J’ai le sentiment d’avoir renoué avec un amour de jeunesse entre les pages de ce livre. D’avoir goûté à nouveau les joies d’un roman historique joliment ficelé, de m’être plongée dans une époque, un espace et un regard comme on ne peut le faire qu’entre les pages d’un livre de cette trempe.
Avec lui, je me suis enthousiasmée pour quelque chose qui m’était peu à peu devenu étrangère : une histoire.
Lecture après lecture, voyez-vous, je découvre la lectrice que je suis (ou deviens).
Une lectrice mue avant tout par le goût de la langue. Par la joie de sentir sous mes yeux une façon de dire le monde. De voir se déployer devant moi une architecture sublime, éternelle construction.

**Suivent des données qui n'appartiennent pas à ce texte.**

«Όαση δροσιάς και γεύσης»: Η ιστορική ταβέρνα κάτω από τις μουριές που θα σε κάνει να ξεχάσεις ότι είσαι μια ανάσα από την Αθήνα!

Fatalement, je m’éloigne de bon nombre de textes pour lesquels la langue n’est qu’un moyen. Un média comme un autre, vecteur possible d’un récit quelconque, mais n’ayant aucune vocation à être.

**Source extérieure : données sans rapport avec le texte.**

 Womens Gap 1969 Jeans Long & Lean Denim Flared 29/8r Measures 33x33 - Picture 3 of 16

L’avantage de cette démarche : la découverte sans cesse renouvelée des pouvoirs de la Littérature, et une bibliothèque intérieure chargée de délices.
Son inconvénient : l’oubli d’un ingrédient que d’aucuns diraient essentiel : une bonne histoire.

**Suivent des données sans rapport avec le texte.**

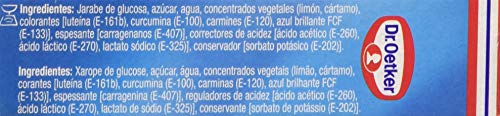 Dr. Oetker - Colorantes Alimentarios 4 x 10 g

Cette bonne histoire, c’est précisément ce qu’adolescente et jeune adulte que convoitais. Entre les pages d’un roman, je recherchais la possibilité d’un ailleurs, d’une multiplicité de voix, l’infinité des paysage que composent les histoires de ce monde, fictives ou inspirées.
La malédiction des Florès d’Angelica Lopes m’a fait retrouver ce plaisir immense.
Si le texte s’est avéré n’avoir aucun intérêt littéraire à proprement parler (trop littéral, trop descriptif), il m’a raconté une histoire formidable.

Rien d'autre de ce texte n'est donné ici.